Beyond, once past the golf club, along a very straight stretch of road, one can see on the left the North Lodge to the parkland, a pedimented triumphal arch, by Adam this time, with wrought iron lattice gate piers and railings by Benjamin Yates of Derby (Bakewell’s successor), since 1916 separated from it by the road to the north. Thereafter, the road takes a turn to the left and, after a couple of wriggles, reaches Cumberhills Road.
Just beyond this, on the right, just before a cluster of farm buildings, lies the site of another deserted medieval village, Ireton Parva or Little Ireton. The hall there was the ancestral home of Lt. Gen. Henry Ireton, the Parliamentary strong man whom Cromwell raised to a peerage during the Commonwealth. Later it passed to the Curzons, of whom Lady Mary created a notable garden there before the house was replaced by a model farm in 1765, built to a design by Adam, and marked by excellent farm buildings in Neo-Classical style, the south range of which is pedimented, with pilasters and blind ovals: very impressive. The walls beyond survive from Lady Mary’s garden, and the delightful Gothick Temple, just visible along Cumberhills Road, is said to have been built 1758 by Adam, but although the drawing is in his collections at Sir John Soane’s Museum, London, it is unsigned and in any case a fraction too early to be him. Opposite the farm, a delightful ashlar keeper’s lodge with a little gable.
Not far beyond, there stands a delightful Victorian keeper’s cottage, now a holiday let its two pointy gables embellished by ornamental bargeboards set in front of a small courtyard with kennels, facing the road (subsequently blocked off by a wall). Immediately after that, the road turns left, diverging from that to Weston Underwood (itself another estate village), just where the white painted smithy is situated. This is a delightful Adam-ish element entirely en suite with the rest of the estate’s buildings, but, in its awkward but engaging combination of Gothick windows set in classical blind arcading, entirely vernacular – probably the product of the estate foreman cherry-picking from a pattern book.
Mercaston Lane also boasts a delightful little school, much in the style of the keeper’s cottage, with master’s house opposite, less exuberant, and at the next corner Adam’s south lodge, and the Rectory, originally by Samuel Wyatt (Adam’s clerk of works) but later repositioned here by his successor, Joseph Pickford.

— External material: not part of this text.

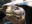 ECU17CharlesDarwinResearchCentreLonesomeGeorgefreeIM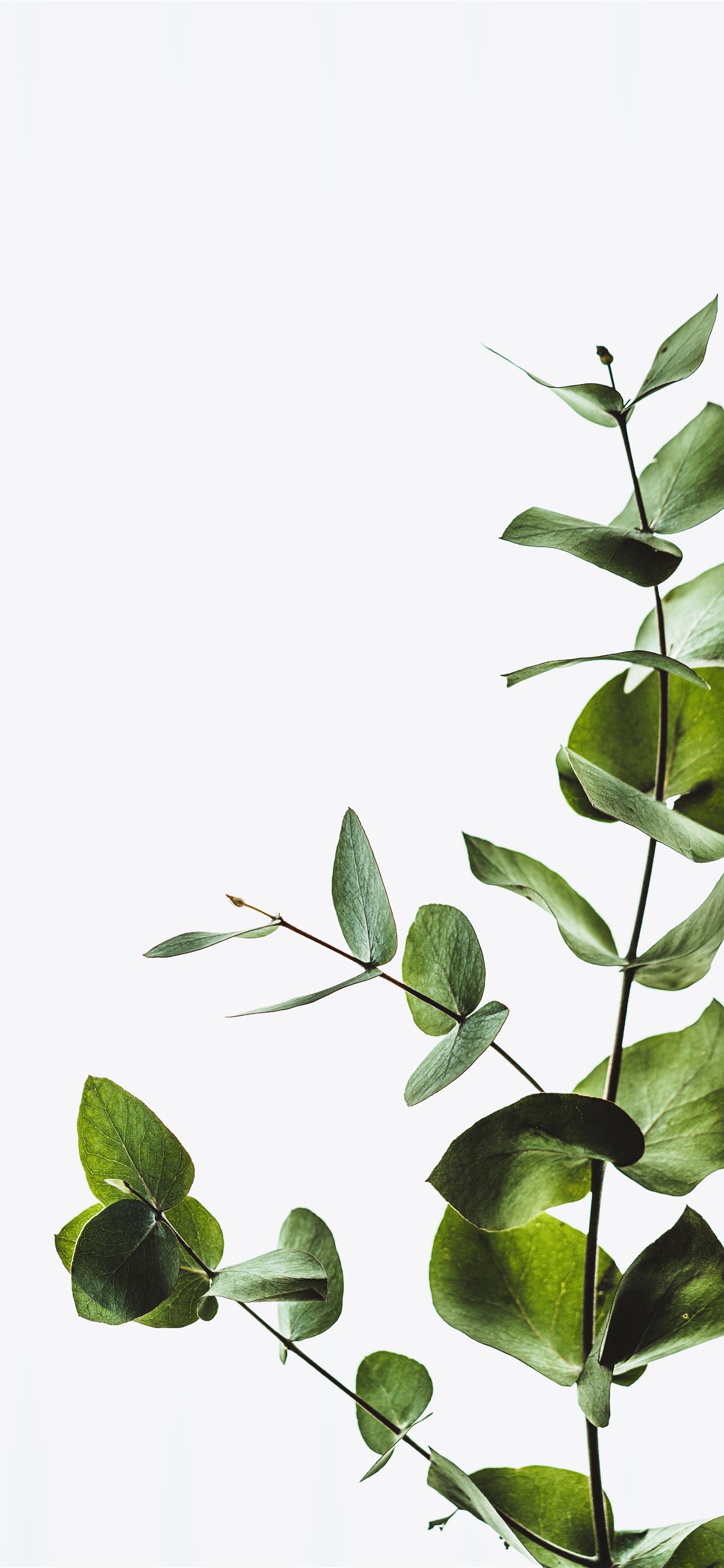 Minimal eucalyptus leaves iPhone Wallpaper Free Download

Parts of the interior were re-used from the previous hall at Kedleston.
To end the tour, turn left up Lodge Lane, with the Kedleston Hall park on your left. At the highest point it gives way to the parkland of Meynell Langley which, until the 1830s, ran on both sides of the road, past two delightful stone-built farmhouses on that estate, and then joins Flagshaw Lane (named after the local brook), which, if you turn left, takes you back to Kirk Langley, from whence a quick dash along the Ashbourne Road brings you back to Mackworth.
Our round trip of about five miles had encompassed much of three surviving Derbyshire historic landed estates, and all within five miles of Derby!